Future Past

Pictures of ordinary street life from long ago are fascinating. Look at this picture. It’s New York in the 1880s. Everyone is wearing hats. It probably smells god-awful. And part of you wants to enter that picture and walk the streets for a few hours. Not long enough to contract typhoid, but just for a little while, to see how people walk and talk and what they wear. Right?
This is the same impulse that creates period films and practices creative anachronism. I loved the Sherlock Holmes stories and read all 4 novels and 56 short stories. Same thing.
So sometimes when I’m walking down the street in 2010, I like to remember that I’m walking through a future past. My great grandson (not yet born) would love to switch places with me for a few hours and see what life was like back in 2010.
His interest is attenuated by the huge number of archived youtube videos from this period, but today’s video capture technology will look pathetic compared to what they’re recording in 100 years, and certainly won’t compare to being there. He’ll feel like he’s missing the full picture.
Sometimes it feels like we’re living in the future, so it’s nice to remember that we’re also walking through the past.
fcastellanos on 22 April 2010 at 7:58 pm
Beautiful
Sankar on 22 April 2010 at 8:02 pm
Your grandson might say, “In my grandfather’s time, people were able to record and watch only 2d videos, that too on those ancient ultra-low-definition tools called monitors”
LanceHaig on 22 April 2010 at 8:05 pm
Very insightful Nat I had never thought of it like that.
Adam Tauno Williams on 22 April 2010 at 8:30 pm
Your grandson might say, “In my grandfather’s time, there were fish in the ocean and the sky wasn’t mint green from the sulfur dioxide used to regulate the planet’s temperature.”
Jack on 22 April 2010 at 10:08 pm
“Everyone is wearing hats. It probably smells god-awful. And part of you wants to enter that picture and walk the streets for a few hours.”
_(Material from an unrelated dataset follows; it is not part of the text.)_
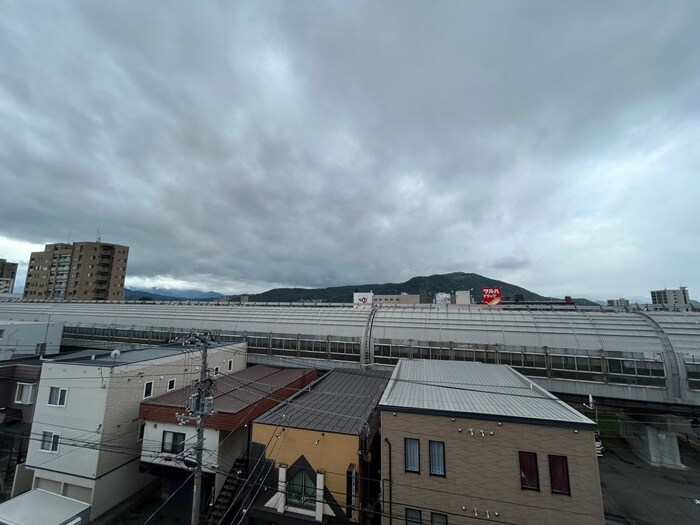 ミラバ澄川の物件内観写真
“Not long enough to contract typhoid”
Yeah, Life was so bad that’s a “mystery” how we are all here. How could they have survived?
Common misconceptions about the past always annoy me.
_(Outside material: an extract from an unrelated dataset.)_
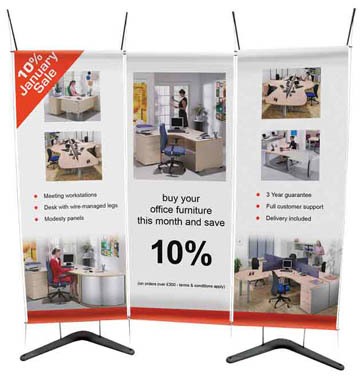 Boomerang Mural Kit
Did you know that despite the common view that Middle Ages was a dark time in human history, that the average quality of live for average person was much better than it’s now?
Lets see
Stress related diseases (equivalent to PTS in soldiers in war zones)
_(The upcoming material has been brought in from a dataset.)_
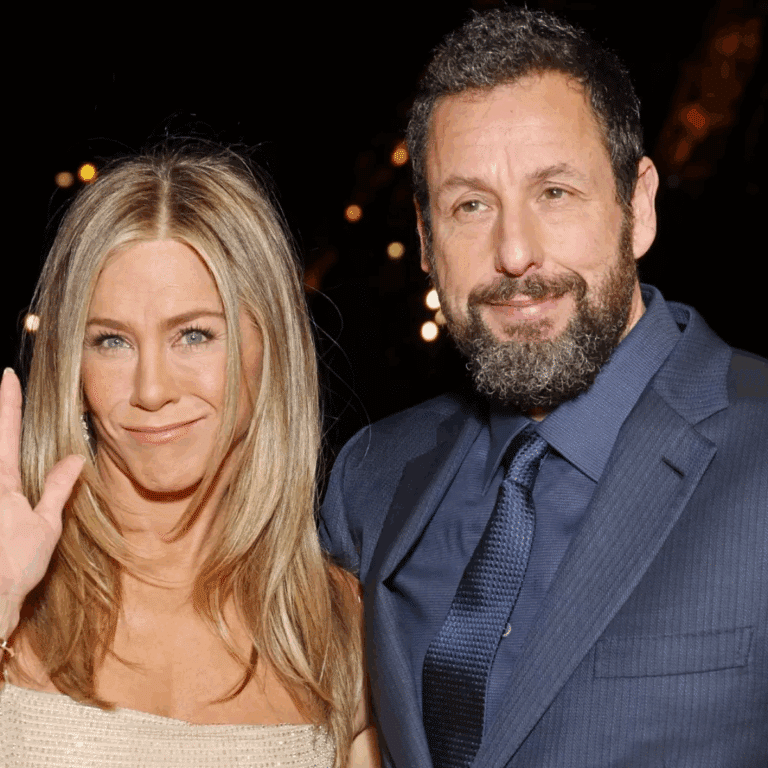 Filmes com Adam Sandler e Jennifer Aniston: Parceria de Sucesso no Cinema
Lifestyle related diseases (sedentarism, malnutrition, lack of sleep, etc…)
Chronic diseases (heart; lungs; intestines; joints; respiratory that are a consequence of lifestyle and environment (not climate)
Oh yes we are soooo much better!
Nat Friedman on 23 April 2010 at 3:12 am
You can keep glorifying the past if you want, but I don’t see a long line of people eager to shorten their life expectancy, visit doctors who try to balance their four vital humors through bleedings (your phlegm is low!), or endure the low-stress lifestyle associated with periodic famines in an era without modern agriculture.
But we’re getting a little bit off-topic here. There’s a lot that’s interesting about the past — that’s exactly why I wrote this. And I have nothing against hats.
Ddorda on 22 April 2010 at 10:13 pm
Is it only me or there’s Hebrew script on the sign (on the wall) at the left-upper part of the picture?
Atul Chitnis on 23 April 2010 at 2:55 am
For a reason I cannot yet determine, you just made my day.
Thanks!
Marcel on 23 April 2010 at 9:45 am
Nice one. Someone’s getting lyrical?
Something quite similar I like to do sometimes is to switch perspectives of view: I walk through my everyday places and try to look at them like someone who sees them the first time. It is like feeling the “magic” visiting a new place, city, etc. for the first time. It is pretty enlightening, you get to see things that didn’t bother you for a long time and may begin to appreciate them.
Again, very nice and inspiring post.
robert on 25 April 2010 at 4:58 pm
I’m afraid you won’t have a great grandson, or even a grandson, as the world is supposed to end in 2012. Enjoy this history as there won’t be any more.
Michael Stahlberg on 11 September 2010 at 1:05 am
Great reflection on the past there, Nat. It’s peculiar how alike most people are. I mean, I can identify with that urge to visit the good old days, when I see old pictures.
Have you seen Wallace Levinson’s pictures from New Jersey in the 1880′s?
They really “make history come alive”, and one to ponder on life and death.